Bentuk-bentuk lain yang tidak sejajar juga dapat dilihat pada kalimat berikut.
(8) Mahasiswa harus menyusun laporan, kelengkapan materi yang dilampirkan, dan simpulan hasil penelitian.
(9) Tugas para pustakawan meliputi pembelian buku, membuat katalog, dan mengatur peminjaman buku.
(10) Maskapai tidak bertanggung jawab terhadap kehilangan dokumen, kerusakan barang, busuknya makanan, dan jika hewan yang diletakkan di dalam bagasi tiba-tiba mati.
Bentuk kata menjadi tidak sejajar pada kalimat tersebut karena menggunakan imbuhan yang bervariasi dalam satu kalimat. Agar kalimat tersebut menjadi kalimat efektif karena memiliki unsur yang sejajar, kita dapat memperbaiki menjadi bentuk berikut.
(8a) Mahasiswa harus menyusun laporan, melengkapi materi yang dilampirkan, dan menyimpulkan hasil penelitian.
(9a) Tugas para pustakawan meliputi pembelian buku, pembuatan katalog, dan pengaturan peminjaman buku.
(10a) Maskapai tidak bertanggung jawab terhadap kehilangan dokumen, kerusakan barang, kebusukan makanan, dan kematian hewan yang diletakkan dalam bagasi.
Pada kalimat 8a, kalimat tersebut menjadi sejajar ketika semua predikat sama-sama mendapat awalan meN-. Pada kalimat 9a, kalimat tersebut menjadi sejajar ketika semua objek mendapat konfiks peN-an.
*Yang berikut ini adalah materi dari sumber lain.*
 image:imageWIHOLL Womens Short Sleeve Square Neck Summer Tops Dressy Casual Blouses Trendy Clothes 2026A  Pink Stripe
Pada kalimat 10a, kalimat tersebut menjadi sejajar ketika unsur keterangan sama-sama mendapat konfiks ke-an.
Berdasarkan analisis yang dilakukan pada kasus bahasa di atas, dapat disimpulkan bahwa sebuah frasa, klausa, dan kalimat harus memuat unsur yang sejajar agar menjadi bentuk yang efektif atau sesuai dengan kaidah bahasa Indonesia. Jika terbiasa menggunakan bentuk-bentuk yang sesuai dengan kaidah bahasa Indonesia, sangat mudah bagi kita untuk menghasilkan karya ilmiah yang memuat kalimat efektif. Dengan cermat berbahasa, kita pun menjadi semakin mahir berbahasa Indonesia!